Le National Council of Jewish Women (NCJW), une organisation fondée il y a 130 ans, a publié jeudi soir une réponse agressive aux résultats des élections, appelant le parti par son nom.

« Nous soutenons le processus électoral en Israël et respectons le résultat de ses élections. Mais nous sommes profondément préoccupés par les déclarations et les idéologies des partis qui, apparemment, feront partie de la prochaine coalition gouvernementale – en particulier la rhétorique anti-LGBTQ+, anti-femmes et anti-arabe des factions qui composent le parti HaTzionout HaDatit, tel que le parti Otzma Yehudit de Ben Gvir, le parti Noam et le parti HaTzionout HaDatit », a déclaré la PDG de l’organisation, Sheila Katz.

« La NCJW défendra toujours la justice, la démocratie et la diplomatie, et nous refusons de normaliser le racisme, l’incitation ou la discrimination », a-t-elle ajouté.
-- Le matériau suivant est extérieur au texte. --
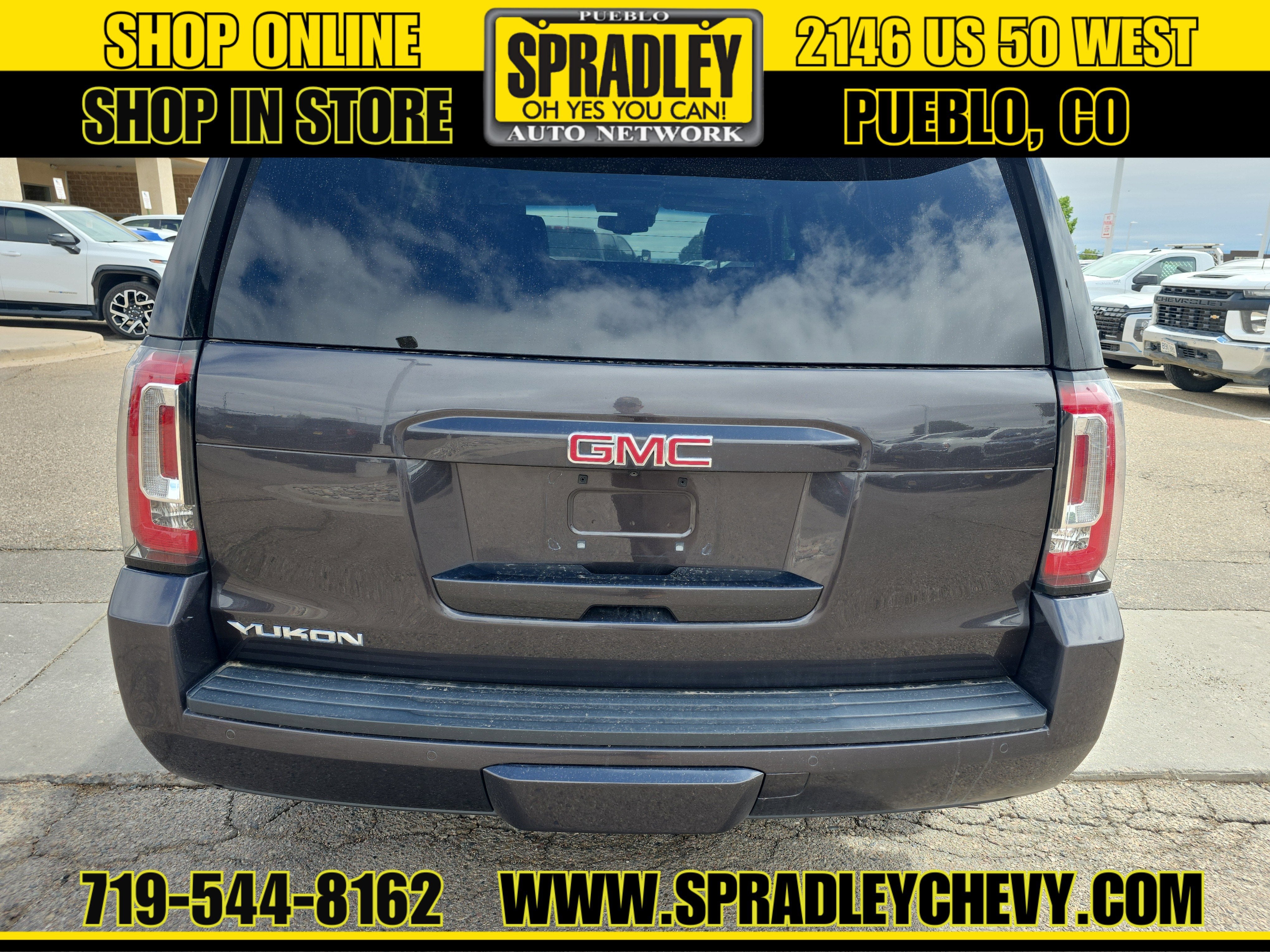 2016 GMC Yukon SLT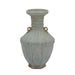 Legend of Asia Giftware Legend of Asia Celadon Hexagonal Double Ear Vase
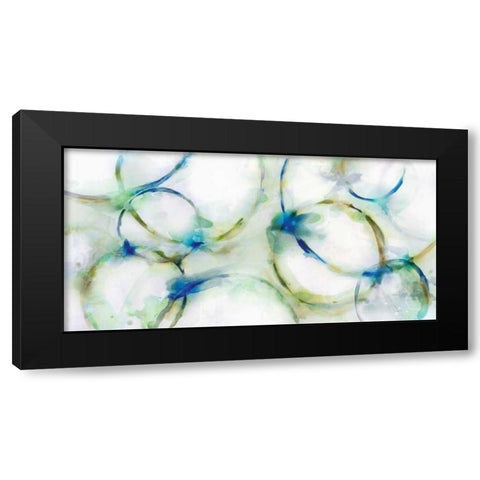 Coils I Black Modern Wood Framed Art Print with Double Matting by Selkirk, Edward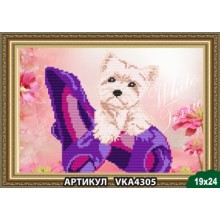 VKA4305 Уайт - тер'єр VKA4305 Уайт - тер'єр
Au Royaume-Uni, le groupe de coordination du British Board of Deputies a publié un commentaire particulièrement modéré sur l’élection et le résultat du parti d’extrême-droite.

« Nous sommes gravement préoccupés par le fait que le probable futur gouvernement comprendra des personnes dont les opinions et les actions déclarées sont en contraste avec les valeurs tolérantes et inclusives de notre communauté. Nous sommes impatients de continuer à travailler avec ceux qui, au sein du nouveau gouvernement israélien et de la société civile, cherchent à faire progresser la paix, la sécurité, la prospérité et l’équité », a déclaré le groupe de coordination du British Board of Deputies.

Cette déclaration est bien loin de la furieuse dénonciation publique de Smotrich que l’organisation avait publiée au début de l’année lors de sa visite au Royaume-Uni, dans laquelle le groupe avait qualifié ses opinions de « méprisables » et qui lui avait ordonné, en hébreu, de « remonter dans l’avion et de rester à jamais dans les mémoires comme un déshonneur ».